While the passage of the Republican tax plan through the US Senate has been welcomed by markets, the rushed legislation is failing to impress Schroders multi-asset manager Robin McDonald.
On Friday the Senate passed a bill that is set to cut corporation tax from 35 per cent to 20 per cent. In early trading after the weekend the blue-chip Dow Jones index was up 1.2 per cent to 24,524.74. It finished the day at 24,290.05.
But McDonald says it is a “pretty odd time” to be introducing tax cuts. He says when the unemployment rate is at 4.1 per cent the fiscal multipliers from such reforms are “pretty much close to zero”.
“Fiscal multipliers would have been fantastic at the height of the financial crisis when unemployment was at 10 per cent,” McDonald says.
“I’m not saying tax cuts won’t give a pop in GDP growth relative to what it otherwise would have been. I would have thought that would be offset by the fact you’re blowing out the budget late cycle and also inflationary pressures, which are building gradually in the US economy.”

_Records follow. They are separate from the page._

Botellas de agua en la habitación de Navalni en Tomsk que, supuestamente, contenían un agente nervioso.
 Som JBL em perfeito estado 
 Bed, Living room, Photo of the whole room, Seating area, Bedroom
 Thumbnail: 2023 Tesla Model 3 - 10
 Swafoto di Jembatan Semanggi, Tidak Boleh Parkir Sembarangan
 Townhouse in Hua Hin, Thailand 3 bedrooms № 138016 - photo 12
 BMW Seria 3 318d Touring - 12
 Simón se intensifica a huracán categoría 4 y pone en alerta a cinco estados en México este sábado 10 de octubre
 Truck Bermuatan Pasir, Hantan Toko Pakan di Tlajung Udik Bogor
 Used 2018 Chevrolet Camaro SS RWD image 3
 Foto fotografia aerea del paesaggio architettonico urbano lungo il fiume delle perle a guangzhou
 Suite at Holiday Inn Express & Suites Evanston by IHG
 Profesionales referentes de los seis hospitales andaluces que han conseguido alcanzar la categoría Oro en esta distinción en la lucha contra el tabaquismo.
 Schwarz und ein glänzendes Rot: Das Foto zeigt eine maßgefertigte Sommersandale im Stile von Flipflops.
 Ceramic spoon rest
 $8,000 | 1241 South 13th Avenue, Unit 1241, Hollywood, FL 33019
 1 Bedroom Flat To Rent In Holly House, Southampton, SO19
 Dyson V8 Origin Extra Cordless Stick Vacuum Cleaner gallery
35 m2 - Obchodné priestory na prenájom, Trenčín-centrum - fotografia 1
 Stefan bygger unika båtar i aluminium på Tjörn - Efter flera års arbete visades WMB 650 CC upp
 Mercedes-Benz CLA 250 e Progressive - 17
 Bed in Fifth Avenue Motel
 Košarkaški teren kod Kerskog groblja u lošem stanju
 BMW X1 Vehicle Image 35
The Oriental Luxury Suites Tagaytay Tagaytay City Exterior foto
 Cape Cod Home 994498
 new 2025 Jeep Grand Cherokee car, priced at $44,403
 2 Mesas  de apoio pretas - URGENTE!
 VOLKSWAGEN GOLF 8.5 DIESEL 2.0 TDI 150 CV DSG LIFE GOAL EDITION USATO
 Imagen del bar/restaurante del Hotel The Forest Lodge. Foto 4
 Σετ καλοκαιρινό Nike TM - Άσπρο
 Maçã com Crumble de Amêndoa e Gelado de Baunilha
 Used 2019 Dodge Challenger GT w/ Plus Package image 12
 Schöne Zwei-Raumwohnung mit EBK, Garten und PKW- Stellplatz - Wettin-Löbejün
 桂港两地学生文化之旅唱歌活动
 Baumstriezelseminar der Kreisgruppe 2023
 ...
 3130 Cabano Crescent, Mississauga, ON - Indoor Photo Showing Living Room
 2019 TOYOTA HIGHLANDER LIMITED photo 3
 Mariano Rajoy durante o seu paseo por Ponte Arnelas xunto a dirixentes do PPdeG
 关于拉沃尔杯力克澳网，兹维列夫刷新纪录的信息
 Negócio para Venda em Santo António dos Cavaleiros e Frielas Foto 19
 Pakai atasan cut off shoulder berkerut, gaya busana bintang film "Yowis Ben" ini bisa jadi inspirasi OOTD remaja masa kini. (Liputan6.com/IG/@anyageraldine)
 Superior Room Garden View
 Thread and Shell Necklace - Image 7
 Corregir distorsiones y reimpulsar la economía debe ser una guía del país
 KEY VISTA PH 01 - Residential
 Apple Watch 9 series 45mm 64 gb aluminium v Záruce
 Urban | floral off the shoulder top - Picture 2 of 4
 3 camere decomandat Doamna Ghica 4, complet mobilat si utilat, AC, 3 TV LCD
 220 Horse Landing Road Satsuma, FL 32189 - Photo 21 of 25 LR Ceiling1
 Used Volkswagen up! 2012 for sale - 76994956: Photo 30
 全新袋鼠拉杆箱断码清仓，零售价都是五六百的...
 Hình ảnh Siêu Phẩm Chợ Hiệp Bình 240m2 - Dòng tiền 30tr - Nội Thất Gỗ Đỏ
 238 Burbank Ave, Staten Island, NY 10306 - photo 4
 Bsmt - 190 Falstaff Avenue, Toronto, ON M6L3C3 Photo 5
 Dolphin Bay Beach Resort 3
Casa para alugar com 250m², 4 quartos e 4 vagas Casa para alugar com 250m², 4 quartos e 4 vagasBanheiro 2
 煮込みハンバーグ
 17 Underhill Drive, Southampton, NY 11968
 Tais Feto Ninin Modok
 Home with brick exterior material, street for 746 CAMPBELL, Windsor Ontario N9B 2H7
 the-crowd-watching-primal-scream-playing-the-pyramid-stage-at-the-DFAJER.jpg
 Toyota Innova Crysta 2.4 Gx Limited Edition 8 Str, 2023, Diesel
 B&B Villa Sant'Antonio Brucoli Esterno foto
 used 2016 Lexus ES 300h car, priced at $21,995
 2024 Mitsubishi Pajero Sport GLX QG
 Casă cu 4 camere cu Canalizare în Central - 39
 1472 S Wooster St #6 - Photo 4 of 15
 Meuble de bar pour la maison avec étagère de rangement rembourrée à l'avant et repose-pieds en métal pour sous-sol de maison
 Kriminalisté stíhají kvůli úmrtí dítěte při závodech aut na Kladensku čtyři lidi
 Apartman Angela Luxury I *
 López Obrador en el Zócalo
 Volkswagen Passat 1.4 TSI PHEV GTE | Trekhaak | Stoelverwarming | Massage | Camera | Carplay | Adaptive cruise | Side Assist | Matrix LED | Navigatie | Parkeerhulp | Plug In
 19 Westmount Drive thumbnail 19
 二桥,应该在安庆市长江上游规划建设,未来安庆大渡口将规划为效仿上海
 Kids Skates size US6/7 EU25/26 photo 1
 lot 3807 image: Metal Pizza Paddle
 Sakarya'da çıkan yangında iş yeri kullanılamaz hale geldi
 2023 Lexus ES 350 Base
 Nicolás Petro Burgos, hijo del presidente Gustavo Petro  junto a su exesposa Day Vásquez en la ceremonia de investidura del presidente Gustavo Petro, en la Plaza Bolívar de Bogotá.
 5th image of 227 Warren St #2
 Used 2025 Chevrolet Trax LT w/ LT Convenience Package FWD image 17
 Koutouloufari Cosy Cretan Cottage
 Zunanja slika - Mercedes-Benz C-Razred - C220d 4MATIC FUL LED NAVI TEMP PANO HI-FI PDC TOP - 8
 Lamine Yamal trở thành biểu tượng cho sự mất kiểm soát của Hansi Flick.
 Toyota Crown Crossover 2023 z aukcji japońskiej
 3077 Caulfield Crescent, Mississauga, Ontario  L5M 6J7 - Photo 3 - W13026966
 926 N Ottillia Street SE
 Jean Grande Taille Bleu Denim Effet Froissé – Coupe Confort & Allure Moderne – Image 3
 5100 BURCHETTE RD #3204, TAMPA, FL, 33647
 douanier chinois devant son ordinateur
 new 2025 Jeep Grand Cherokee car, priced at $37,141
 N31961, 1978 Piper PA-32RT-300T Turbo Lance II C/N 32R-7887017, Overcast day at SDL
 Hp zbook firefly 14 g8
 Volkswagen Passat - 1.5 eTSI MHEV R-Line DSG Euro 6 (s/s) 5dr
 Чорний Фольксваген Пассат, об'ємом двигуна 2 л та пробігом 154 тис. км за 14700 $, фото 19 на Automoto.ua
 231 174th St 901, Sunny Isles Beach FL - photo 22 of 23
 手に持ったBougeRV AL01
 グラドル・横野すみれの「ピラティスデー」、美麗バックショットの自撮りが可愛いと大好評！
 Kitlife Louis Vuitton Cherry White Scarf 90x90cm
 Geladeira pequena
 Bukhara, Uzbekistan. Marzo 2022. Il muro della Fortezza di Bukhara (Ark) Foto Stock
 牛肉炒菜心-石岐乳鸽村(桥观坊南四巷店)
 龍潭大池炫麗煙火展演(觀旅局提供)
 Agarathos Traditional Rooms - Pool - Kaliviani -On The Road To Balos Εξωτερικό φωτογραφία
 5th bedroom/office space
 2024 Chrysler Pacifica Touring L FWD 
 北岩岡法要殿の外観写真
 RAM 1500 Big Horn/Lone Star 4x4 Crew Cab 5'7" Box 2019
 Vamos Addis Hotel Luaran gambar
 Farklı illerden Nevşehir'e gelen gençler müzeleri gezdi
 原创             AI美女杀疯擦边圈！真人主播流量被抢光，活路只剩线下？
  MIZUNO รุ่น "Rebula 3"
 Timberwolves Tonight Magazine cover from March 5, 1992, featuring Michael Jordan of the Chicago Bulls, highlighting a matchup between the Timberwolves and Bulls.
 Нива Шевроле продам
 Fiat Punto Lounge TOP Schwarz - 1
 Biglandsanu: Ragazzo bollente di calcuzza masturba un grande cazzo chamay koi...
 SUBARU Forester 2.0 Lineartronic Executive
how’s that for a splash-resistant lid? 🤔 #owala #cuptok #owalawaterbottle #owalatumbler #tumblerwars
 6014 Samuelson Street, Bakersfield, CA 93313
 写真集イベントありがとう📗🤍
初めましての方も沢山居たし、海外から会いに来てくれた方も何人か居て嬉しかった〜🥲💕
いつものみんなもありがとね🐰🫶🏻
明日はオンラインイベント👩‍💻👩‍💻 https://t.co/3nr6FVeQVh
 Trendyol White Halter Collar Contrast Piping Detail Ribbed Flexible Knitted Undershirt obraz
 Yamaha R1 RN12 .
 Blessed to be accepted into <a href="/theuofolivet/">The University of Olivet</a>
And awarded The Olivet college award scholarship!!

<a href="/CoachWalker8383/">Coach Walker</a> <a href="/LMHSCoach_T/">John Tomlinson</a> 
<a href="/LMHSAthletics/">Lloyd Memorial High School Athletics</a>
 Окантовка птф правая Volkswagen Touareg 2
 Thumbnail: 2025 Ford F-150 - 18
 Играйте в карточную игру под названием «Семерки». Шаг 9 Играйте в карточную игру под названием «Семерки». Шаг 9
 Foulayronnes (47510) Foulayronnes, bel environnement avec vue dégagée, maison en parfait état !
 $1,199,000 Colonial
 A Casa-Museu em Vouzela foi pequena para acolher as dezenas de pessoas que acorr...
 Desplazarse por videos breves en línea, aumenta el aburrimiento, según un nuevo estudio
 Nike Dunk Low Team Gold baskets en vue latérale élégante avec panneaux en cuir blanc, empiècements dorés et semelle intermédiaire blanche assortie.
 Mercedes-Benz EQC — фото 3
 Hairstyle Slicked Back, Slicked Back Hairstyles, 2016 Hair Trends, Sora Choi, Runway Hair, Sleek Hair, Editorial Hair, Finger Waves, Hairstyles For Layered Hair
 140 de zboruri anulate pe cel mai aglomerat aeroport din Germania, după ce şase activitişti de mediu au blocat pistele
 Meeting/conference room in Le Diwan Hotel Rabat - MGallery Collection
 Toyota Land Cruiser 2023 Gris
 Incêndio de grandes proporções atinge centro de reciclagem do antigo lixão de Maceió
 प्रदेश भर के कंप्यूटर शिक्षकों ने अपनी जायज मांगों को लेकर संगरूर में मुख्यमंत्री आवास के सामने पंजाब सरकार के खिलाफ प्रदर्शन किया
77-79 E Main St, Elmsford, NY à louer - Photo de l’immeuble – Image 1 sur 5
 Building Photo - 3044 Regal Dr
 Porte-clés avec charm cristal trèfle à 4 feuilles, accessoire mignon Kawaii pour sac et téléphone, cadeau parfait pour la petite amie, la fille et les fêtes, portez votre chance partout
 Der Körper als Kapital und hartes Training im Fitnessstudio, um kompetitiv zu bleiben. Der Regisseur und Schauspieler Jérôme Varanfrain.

The package is set to increase the deficit $1.5trn.
McDonald says investor expect the US economy to grow while inflation remains low. But McDonald says if unemployment falls to 3.5 per cent, wages could start growing at 4 per cent.
“The bond market and equity are not priced anywhere near where if the US Fed had to react to 4 per cent increases in wage inflation. The US Fed has already said they don’t want wages growing any quicker than 3 per cent.”